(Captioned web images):
******

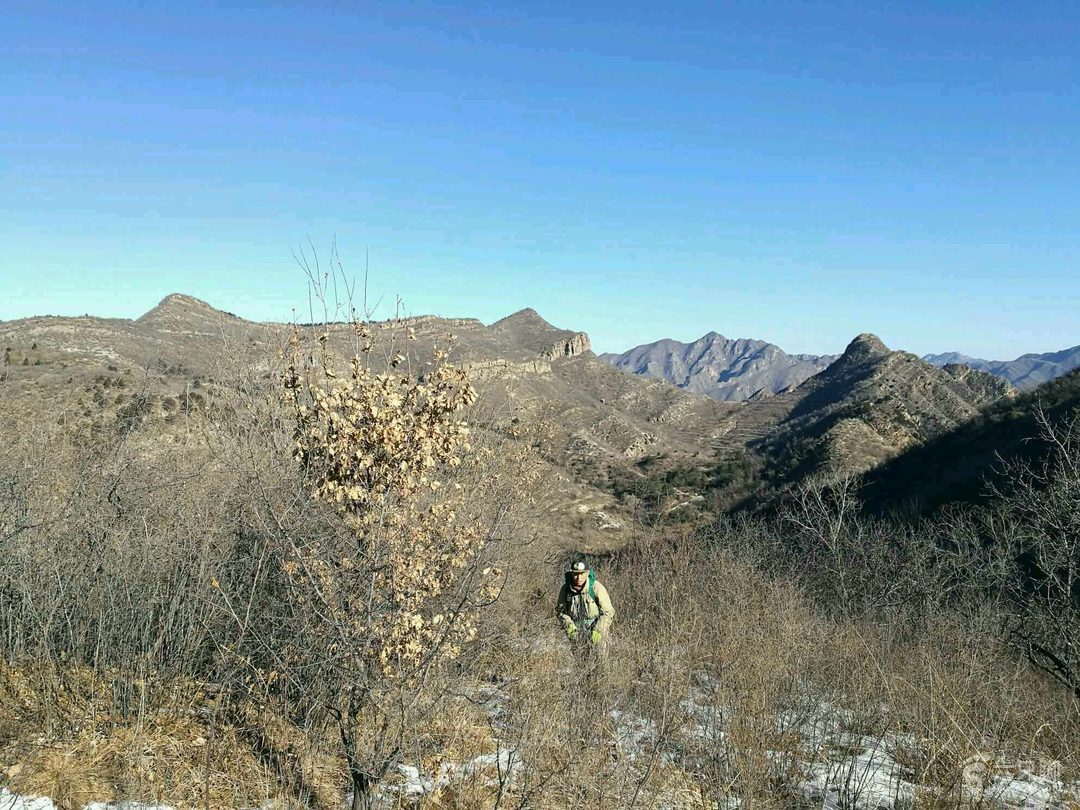 富硒水果苗价格
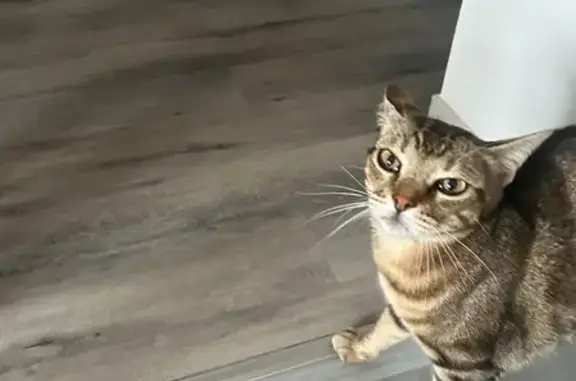 Chat trouvé Illzach, photo: Chat trouvé, Delle, Illzach - grand et gris à rayures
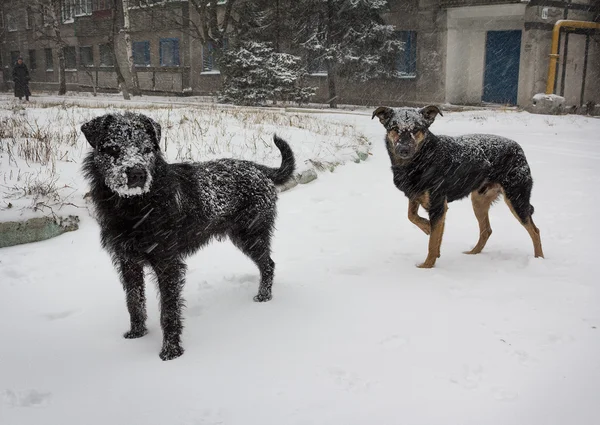 Hungry stray dog during a snowstorm — Stock Photo, Image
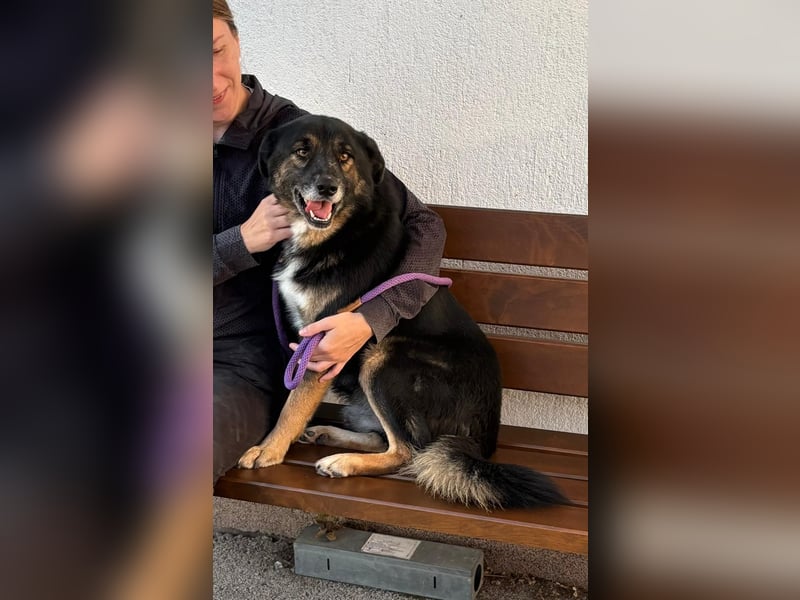 Gustav ist ein superlieber Schäferhundmischling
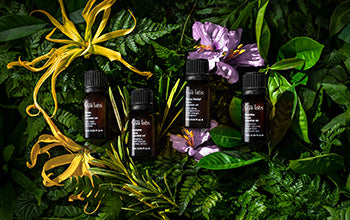 Blends 101: Everything To Know About Essential Oil Blends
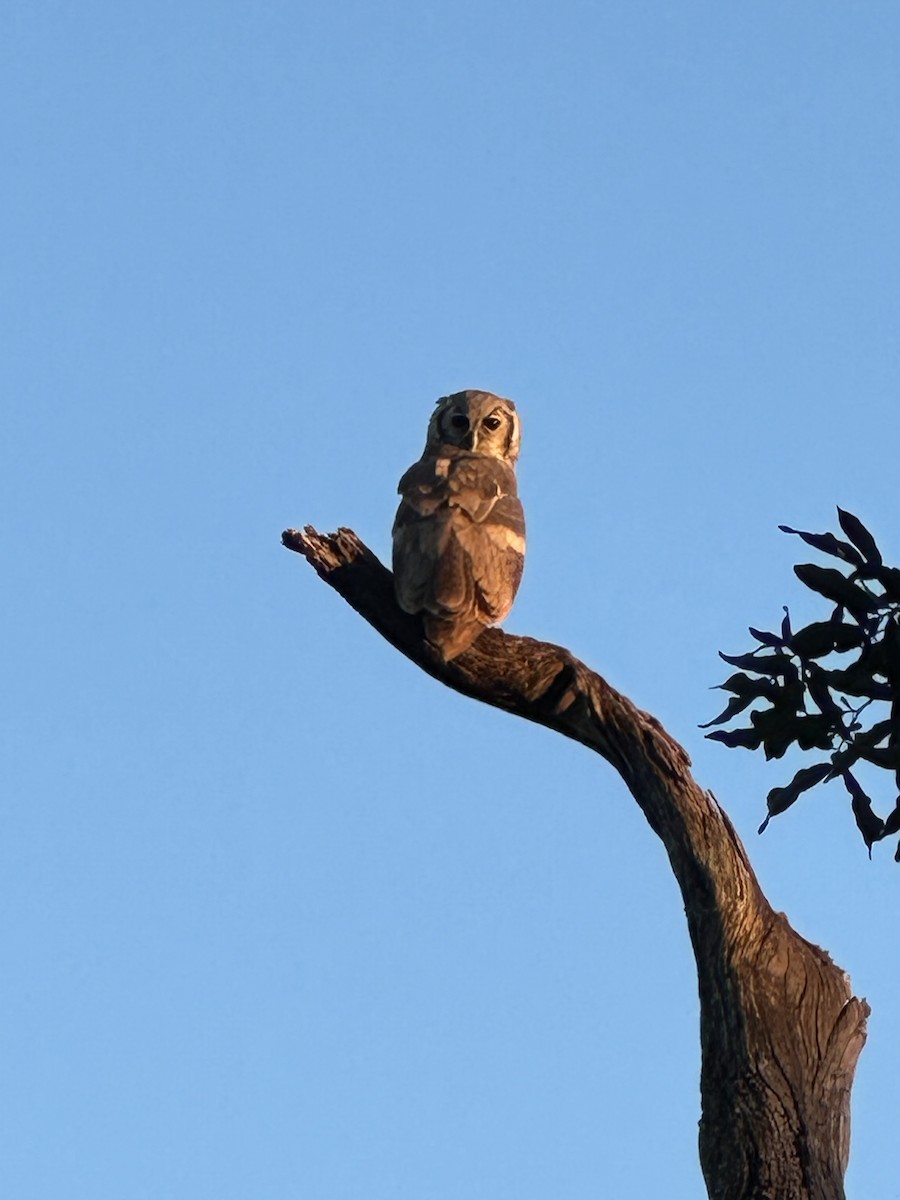 Verreaux's Eagle-Owl - ML646875472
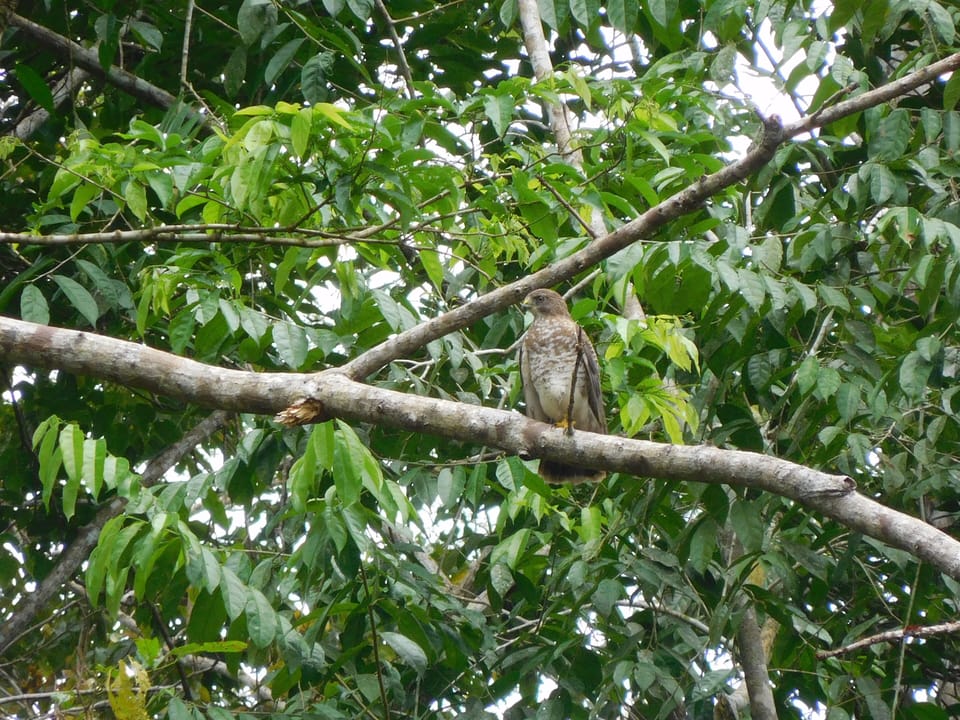 bird watching in the garden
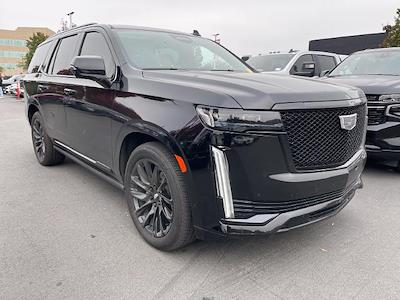 2024 Cadillac Escalade 4WD SUV for sale #C49559CT - photo 1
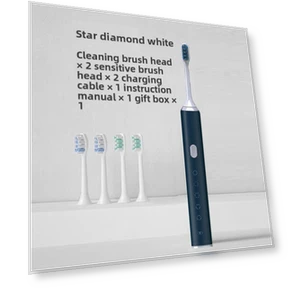 Electric Toothbrush for Adults — Electric Toothbrush Heads, Binchi Health Technology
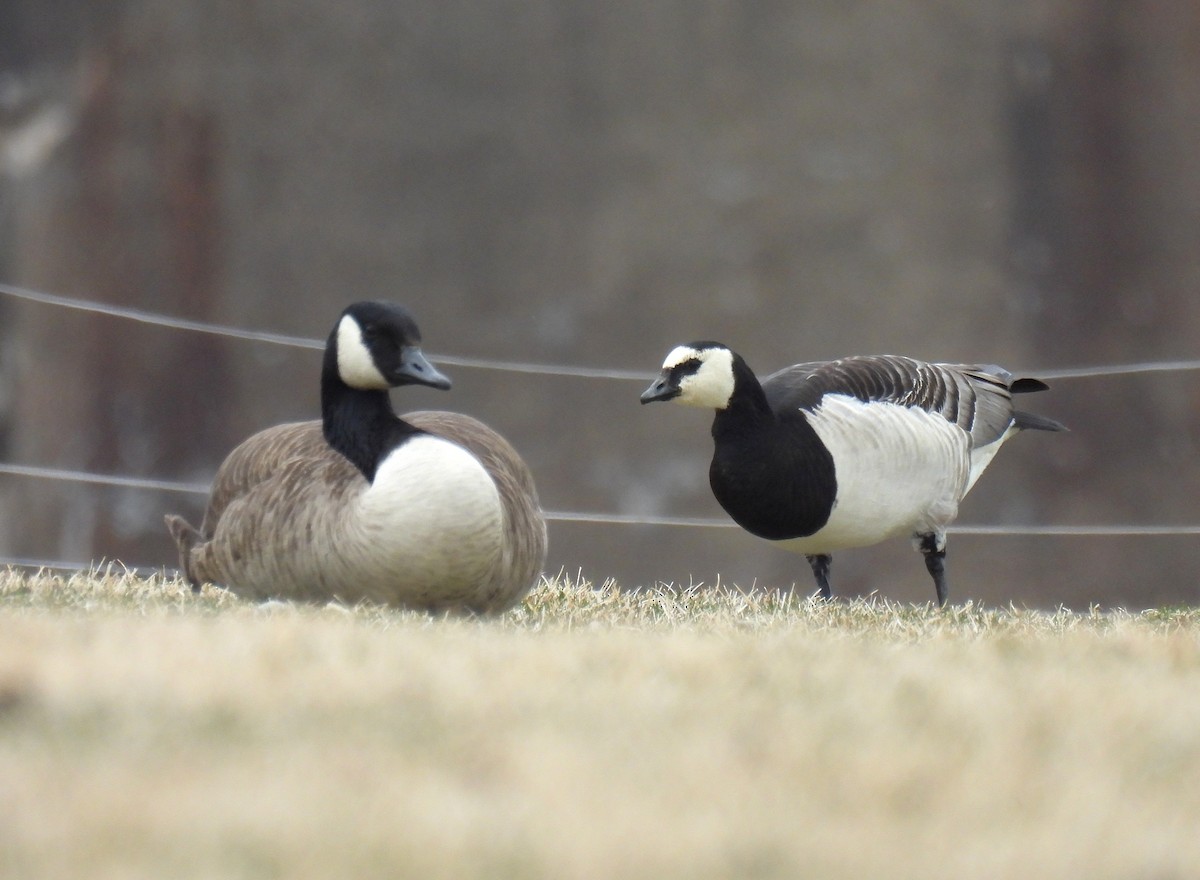 Barnacle Goose - Corvus 𓄿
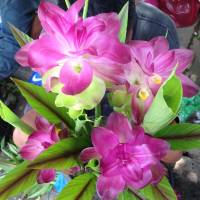 The beautiful coconut trees of Olango Island
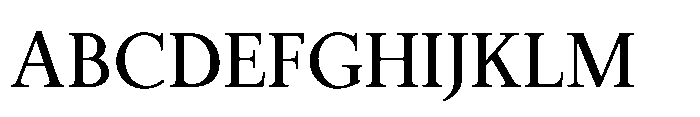 Meetake Serif Regular Font UPPERCASE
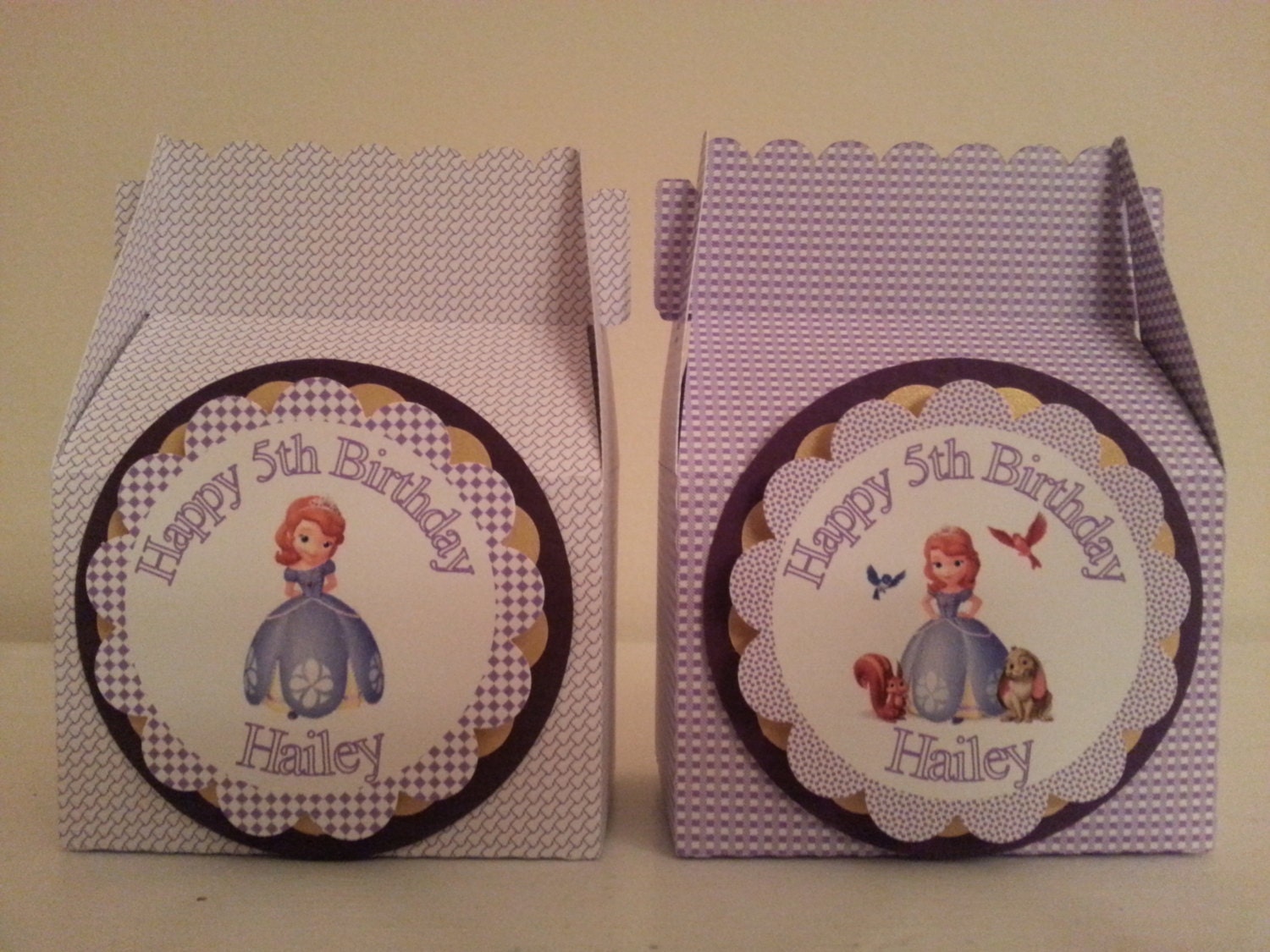 Sofia the First Favor Boxes 10 (PLUS 2 FREE)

******

(TASK ITEM): Set down exactly, with no additions, each line from the line that includes "Gustav ist ein" to the final line of the entries above; leave pictures out.

(YOUR RESPONSE):
 Gustav ist ein superlieber Schäferhundmischling
 Blends 101: Everything To Know About Essential Oil Blends
 Verreaux's Eagle-Owl - ML646875472
 bird watching in the garden
 2024 Cadillac Escalade 4WD SUV for sale #C49559CT - photo 1
 Electric Toothbrush for Adults — Electric Toothbrush Heads, Binchi Health Technology
 Barnacle Goose - Corvus 𓄿
 The beautiful coconut trees of Olango Island
 Meetake Serif Regular Font UPPERCASE
 Sofia the First Favor Boxes 10 (PLUS 2 FREE)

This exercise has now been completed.